• Data to use
○ ○ ○
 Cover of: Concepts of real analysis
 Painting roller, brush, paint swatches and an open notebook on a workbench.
○ ○ ○
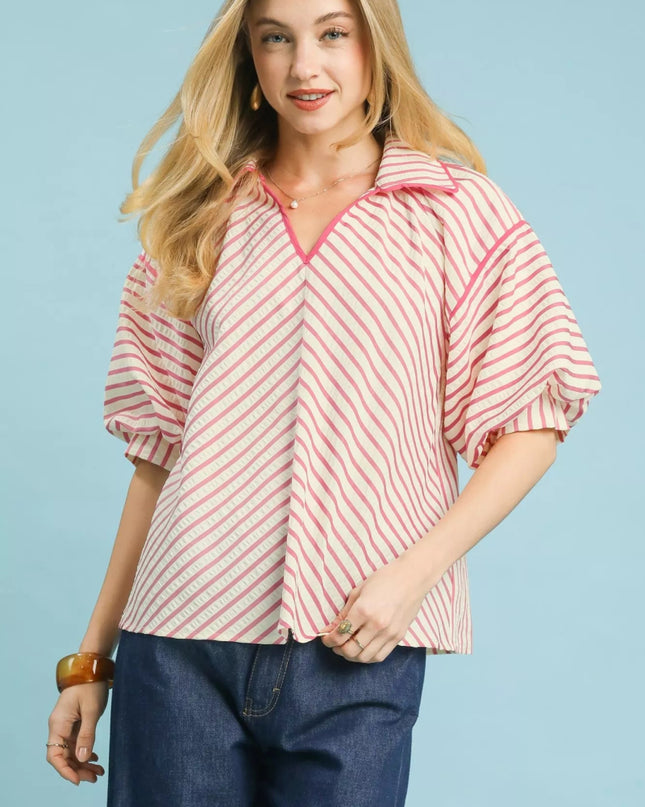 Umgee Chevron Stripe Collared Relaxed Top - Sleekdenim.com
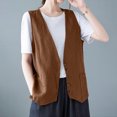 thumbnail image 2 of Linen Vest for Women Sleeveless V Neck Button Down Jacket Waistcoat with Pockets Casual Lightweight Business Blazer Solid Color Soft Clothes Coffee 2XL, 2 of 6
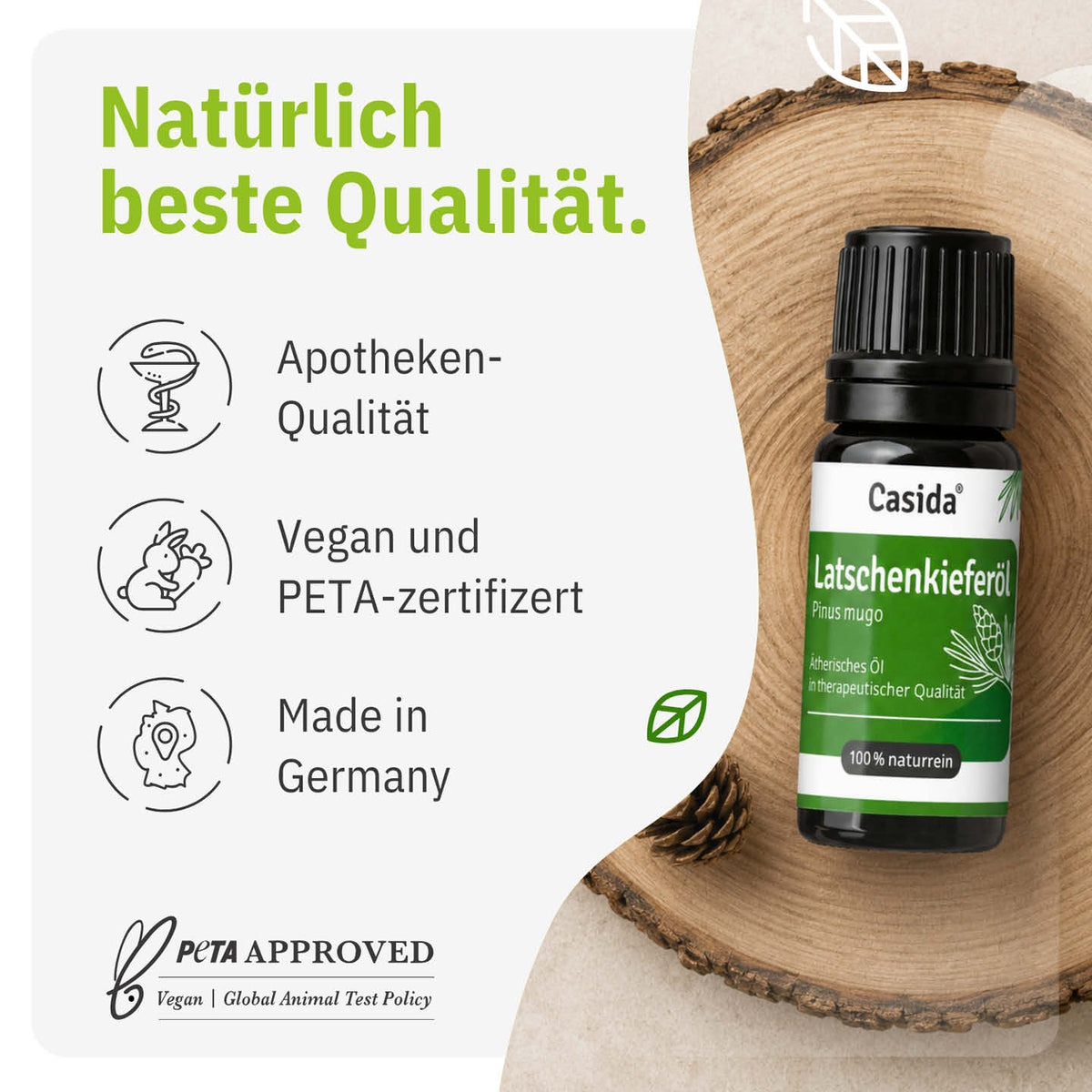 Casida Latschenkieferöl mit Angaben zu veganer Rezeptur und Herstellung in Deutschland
○ ○ ○
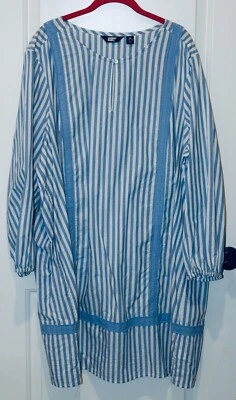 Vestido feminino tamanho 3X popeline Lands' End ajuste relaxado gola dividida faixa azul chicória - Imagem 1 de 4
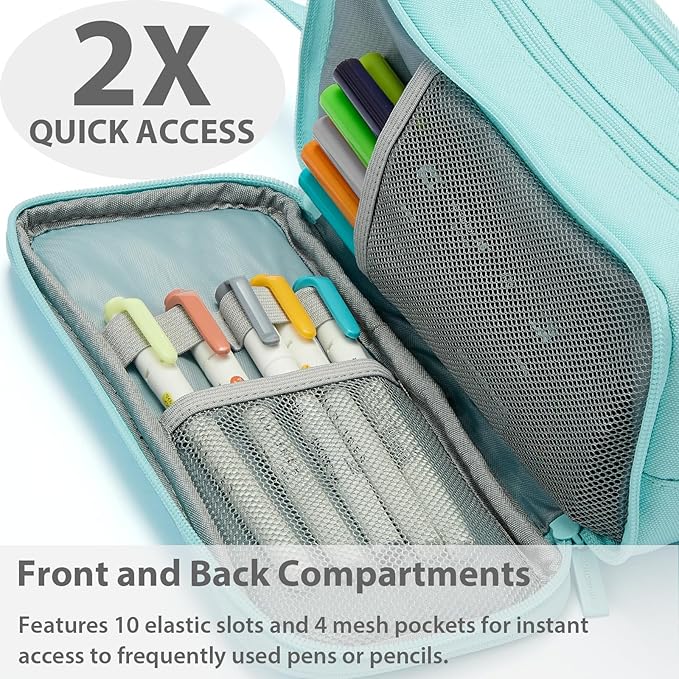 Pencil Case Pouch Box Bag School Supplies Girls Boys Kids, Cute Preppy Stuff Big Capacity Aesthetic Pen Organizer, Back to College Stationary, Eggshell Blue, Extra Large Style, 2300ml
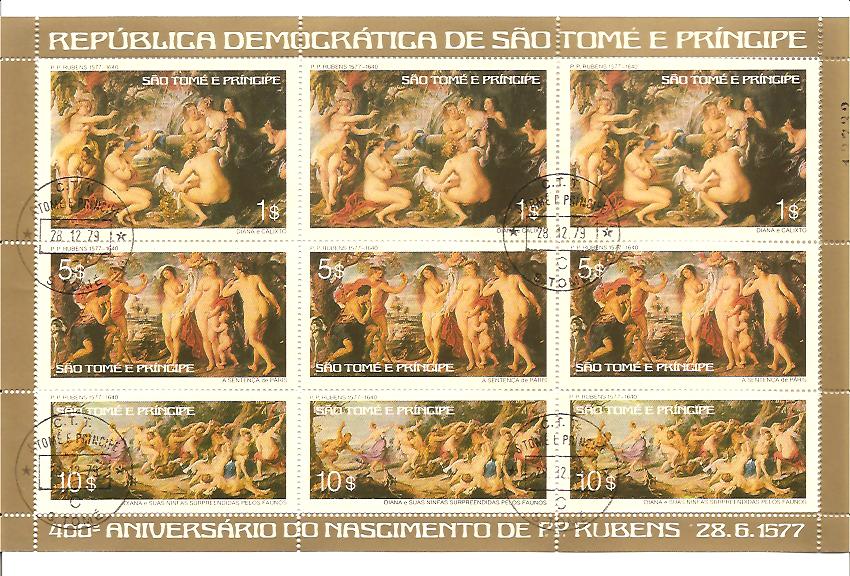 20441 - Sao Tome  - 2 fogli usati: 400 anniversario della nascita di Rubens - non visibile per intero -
○ ○ ○
• Task instructions
The result should be an exact copy of only the lines above from the one that holds "Pencil Case Pouch" through the one that holds "20441 - Sao", both ends included, without pictures.

• Your solution
 Pencil Case Pouch Box Bag School Supplies Girls Boys Kids, Cute Preppy Stuff Big Capacity Aesthetic Pen Organizer, Back to College Stationary, Eggshell Blue, Extra Large Style, 2300ml
 20441 - Sao Tome  - 2 fogli usati: 400 anniversario della nascita di Rubens - non visibile per intero -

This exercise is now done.